Run the training script:
$ CUDA_VISIBLE_DEVICES=0 python train.py --datasetPath /yourdataset/ --batch_size 3 --lr 0.002 --patience 3 --factor 0.2
When the loss function does not decrease after patience epochs, the learning rate=factor*lr.
In order to verify the effectiveness of our model, we also evaluate the trained model on the following four datasets:
- Vimeo90K Test Set: The dataset consists of 3758 video sequences, each with a frame resolution of 448 × 256.
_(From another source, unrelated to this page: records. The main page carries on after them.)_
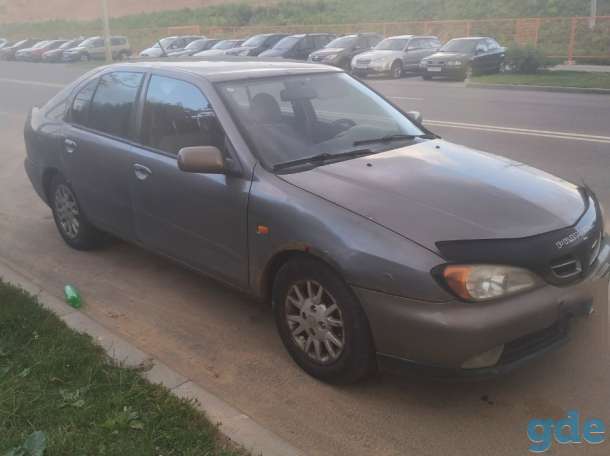 Продам Ниссан примера Nissan Primera, фотография 4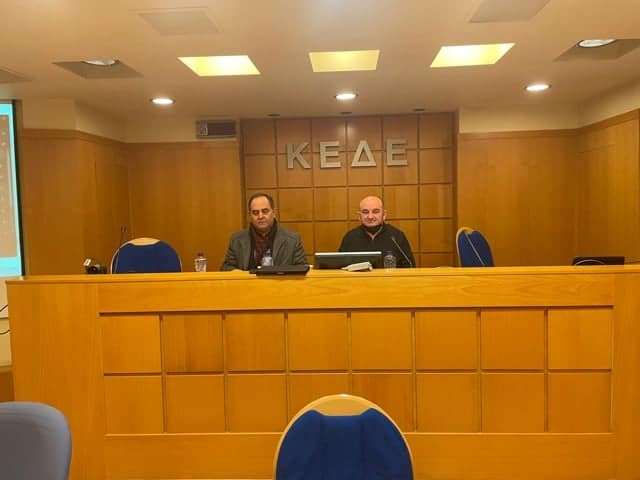 Δ.Τζιαχρήστας «Ζήτημα επιβίωσης για τους αγρότες οι μειώσεις στα τιμολόγια του ηλεκτρικού ρεύματος» Δ.Τζιαχρήστας «Ζήτημα επιβίωσης για τους αγρότες οι μειώσεις στα τιμολόγια του ηλεκτρικού ρεύματος»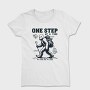 One Step, Tricou Femei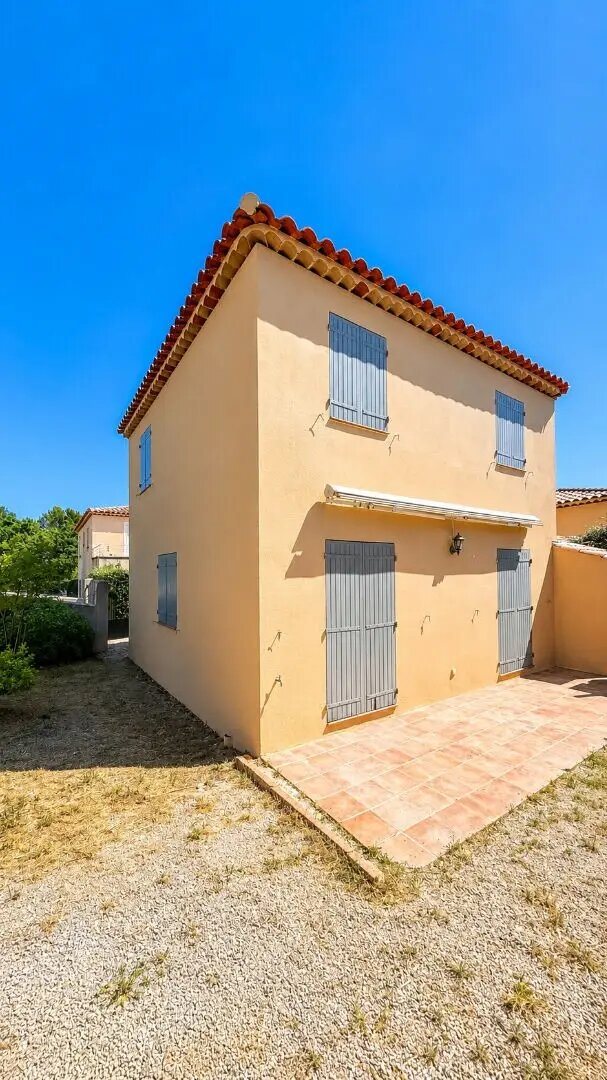 Maison à vendre, 90m², Gréasque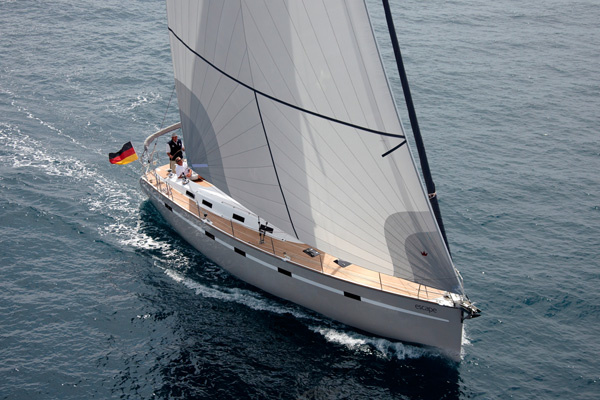 Bavaria 55 Cruiser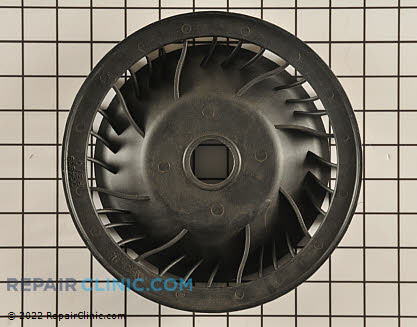 Fan Blade 0G4839 Alternate Product View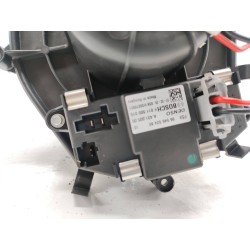 Heater motor CITROEN C4 grand picasso | Becerril Scrap Yard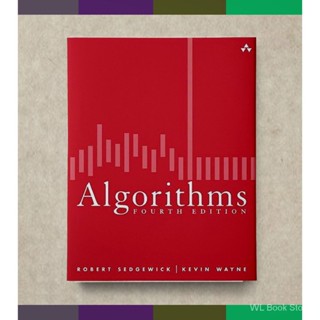 Algorithms 4th Edition - Robert Sedgewick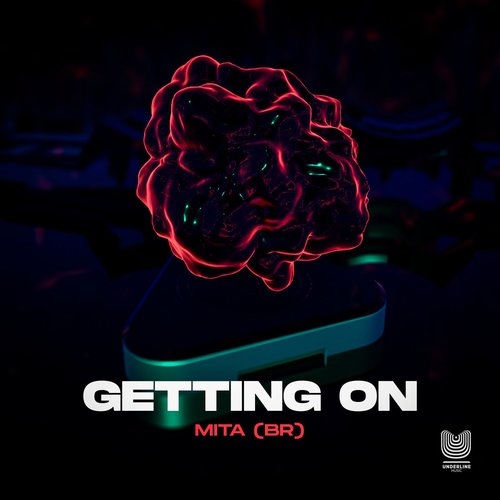 MITA (BR) - Getting On [248620121678]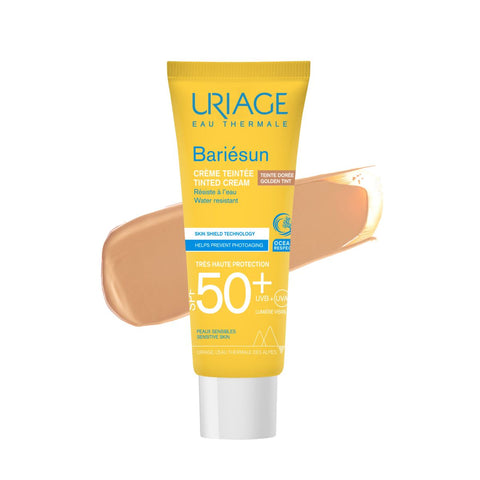 URIAGE Bariesun Tono Dorado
- UCF101: The UCF101 dataset is a large-scale human behavior dataset. It consists of video sequences containing camera motion and cluttered background. We selected 333 triples from it for model test, of which the resolution is 320 × 240.
- DAVIS480p: This dataset is composed of 50 highquality, full HD video sequences, covering many common video object segmentation challenges. We select 50 groups of three consecutive frames as the test data, and the resolution of each frame is 854 × 480.
- MPI-Sintel: MPI-Sintel introduces a new optical flow dataset from an open source 3D animation short film Sintel, which has some important features such as long sequence, large motion, specular reflection, motion blur, defocus blur and atmospheric effect.